Crumbling concrete, closets stuffed with files and electrical outages are among the problems at the building in , Judge Douglas Beach said.
So is safety. That's because the lack of space there and at the county's building often puts suspected criminals and their victims in the same room together.
Beach said that on one occasion, a burglar approached the older St. Louis County resident whose home he had broken into.
I know who you are, he said.
Such scenarios cause people to be re-victimized, Beach said, and it's one of the things he hopes can be prevented if voters approve Proposition S on April 3.
"This place isn't going to sustain itself," Beach said.
About Proposition S
On April 3, St. Louis County voters will be asked to approve a $100 million bond issue to fund construction on both court buildings. Most of the bond—$85 million—would be used to construct a new Family Court building next to the circuit court. The remaining $15 million would fund repairs at the circuit court.
Bonds from 1998 that funded the county's jail are being retired in the next 18 to 20 months, Beach said. County officials hope the new bond issue can succeed that one, at slightly lower interest rates, meaning the measure would not raise residents' taxes.
The measure needs 57 percent approval to pass. If passed, it would represent about $8 in annual property taxes for each St. Louis County property owner, but would not increase taxes for residents.
Shooting put visitor safety in perspective
Both facilities were built in 1970, and they were constructed to let people come in anywhere, Beach said.
A 1992 killing at the circuit court building changed all of that. Kenneth Baumruk received a first-degree murder conviction for shooting his wife during a hearing about the dissolution of their marriage, court documents state. He also injured two attorneys, a bailiff and a security officer.

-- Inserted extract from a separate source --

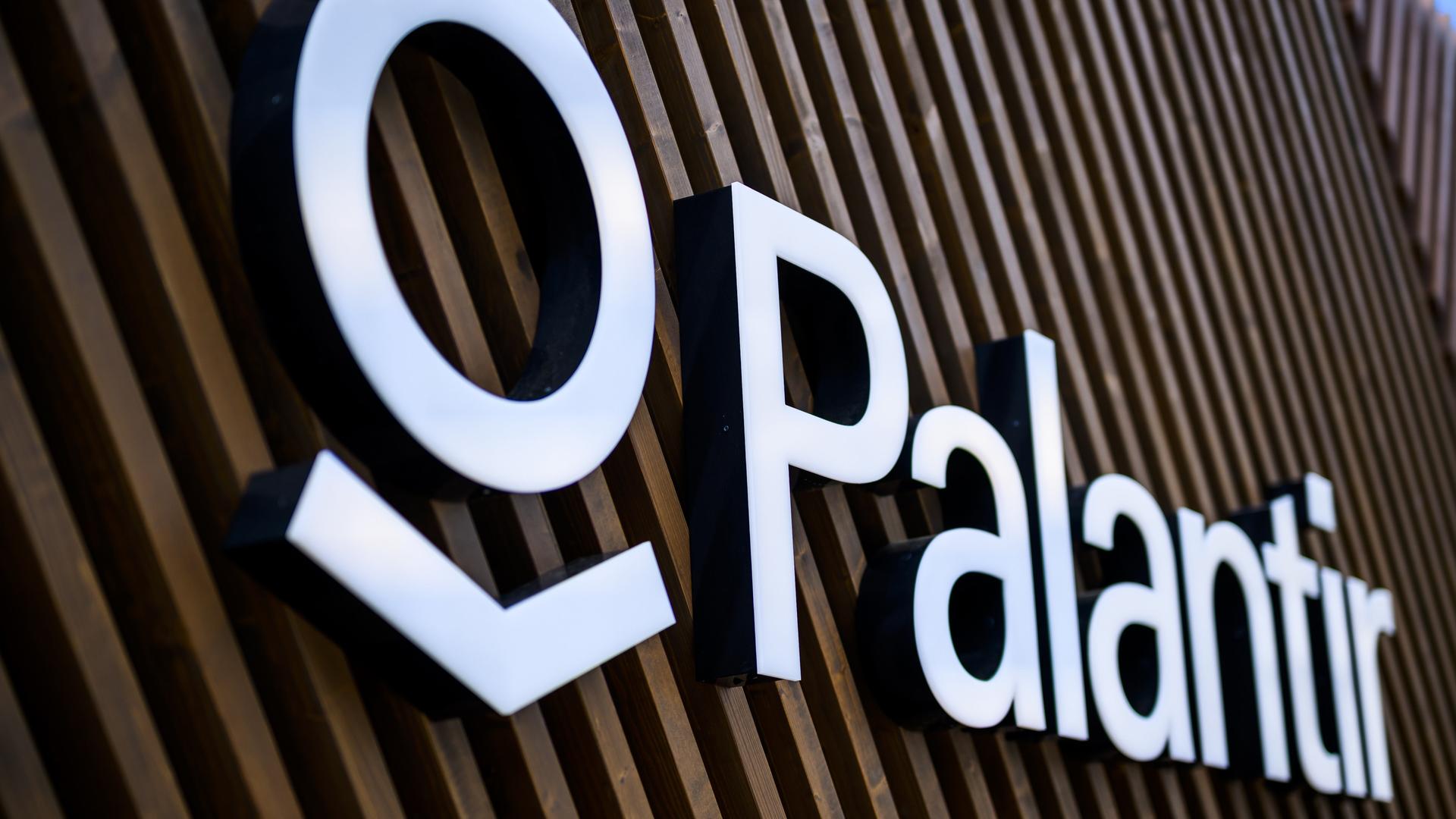 Logo von Palantir Technologies, einem börsennotierten amerikanischen Softwareunternehmen, das sich auf Big-Data-Analysen spezialisiert hat. Logo von Palantir Technologies, einem börsennotierten amerikanischen Softwareunternehmen, das sich auf Big-Data-Analysen spezialisiert hat.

"After the shooting, the St. Louis County courthouse, which previously had not had metal detectors and other extensive security, received immediate attention," a document from the 2002 case State v. Baumruk states. "The number of security guards was doubled and metal detectors were installed."

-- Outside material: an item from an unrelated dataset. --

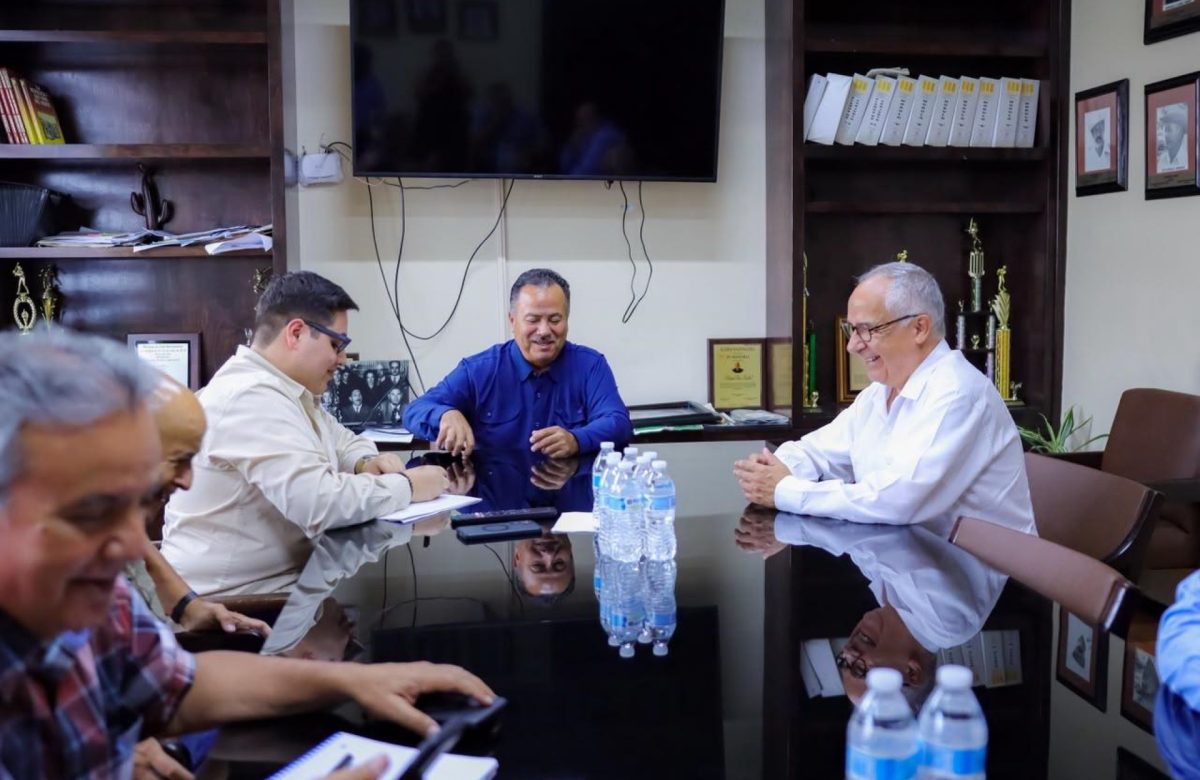 Visita Alfredo Álvarez a sector productivo de Maneadero en Ensenada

Court officials began funneling people through a single point of entry and up the escalators, Beach said.
Heavy use, limited exits, lack of fire sprinklers
But that became problematic when, in 1988, the manufacturer stopped producing the escalators. Parts for the devices stopped being available in the mid-1990s, Beach said.
The escalators are known to break down. Bright yellow barricades are set up to block access when that occurs. The replacement of an escalator would cost $2 million, Beach said.

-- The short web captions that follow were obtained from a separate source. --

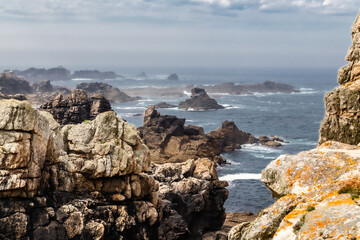 Fototapeta na wymiar rocky coast of the island of Ouessant, off Brittany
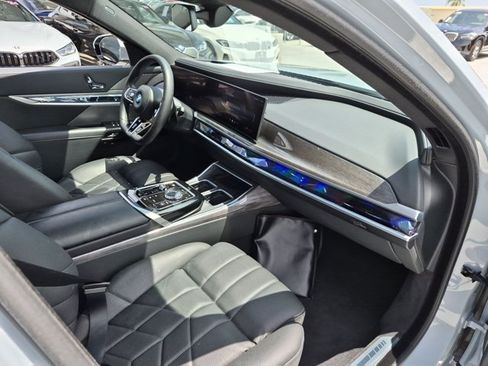 Used 2025 BMW i7 eDrive50 w/ M Sport Package RWD image 12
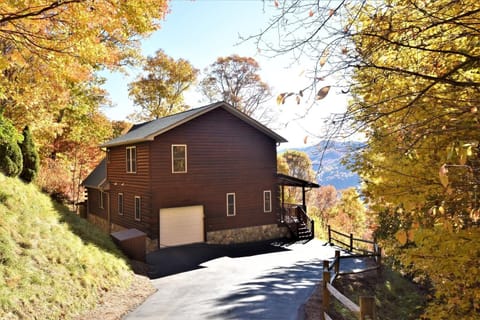 Driveway into Stallion Ridge Retreat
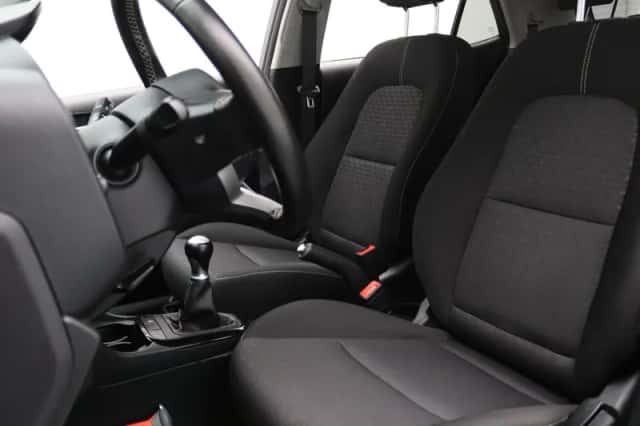 Kia Picanto (2021) thumbnail 5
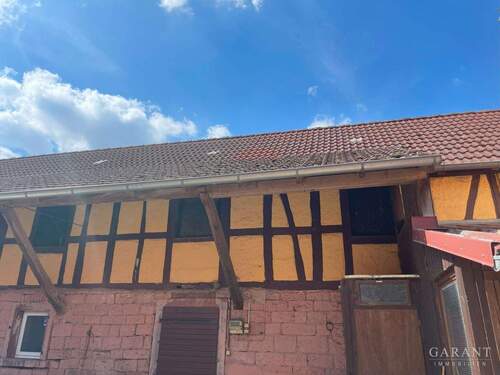 Hof Anbau - 7 Zimmer Einfamilienhaus in Wertheim-Höhefeld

Five elevators also are available, though accessibility becomes an issue
when 300 people are brought into the circuit court building on Mondays and Wednesdays to determine whether they will serve jury duty. The group, including people who are elderly and disabled, is sent up to the sixth-floor jury assembly room.
The sixth floor only has three exits. Other floors, by contrast, have seven or eight. In the event of a fire, the elevators would shut down, Beach said, leaving people unfamiliar with the building to get out via the few doors available.
The has rated the circuit court building high-risk, in part because it lacks a sprinkler system. It would cost $4 million to install such a system, Beach said.
The building's air-conditioning and heating systems haven't been replaced since the facility opened.
Other issues include a lack of space. Closets have been converted into file storage. The electrical system is maxed out, Beach said. In his courtroom, extension cords sometimes have to be snaked in from another floor so attorneys can make a PowerPoint presentation without cutting off the lights.
Numerous court documents are stored at a facility in Wentzville because space at the Clayton buildings is inadequate, Beach said. Asbestos at the Family Court building has resulted in costly repairs.
Greater security and new Family Court are sought
Passage of Proposition S would allow prospective jurors easier access to the building and keep them on the first floor, Beach said.
It would fund the installation of sprinklers.
Under the proposal, the Family Court building on Brentwood Boulevard would be sold. Proceeds would fund the renovation work in downtown Clayton. A flier published in support of the measure states the changes would save the county "an estimated $750,000 per year in reduced maintenance expenses."
Parking at the Family Court is inadequate, Beach said. People who can't find a space in the Brentwood lot go across the street to park in Clayton neighborhoods. With the proposed changes, people using the circuit court and the new, 250,000-square-foot family court building would have access to the nearby MetroLink parking garage, which Beach said has plenty of capacity.
Gone too would be the annual $350,000 to $400,000 county investment needed to maintain the ailing circuit court garage on which the new Family Court would stand.
Beach is also hopeful the upgrades would improve safety for the court's visitors, including people who come because of domestic violence cases. Currently, victims must sit across the aisle from their attackers during court proceedings. Added space would keep the two groups separate until judges ask to hear a specific case.
He hopes changes would also improve safety for judges and court workers, many of whom are easily accessible because of unprotected hallways. The changes also would provide space for state workers, volunteers and others who help clients regularly.
If approved, construction on Proposition S projects likely would start around the beginning of 2013, Beach said. It would take between 18 and 24 months to complete the work.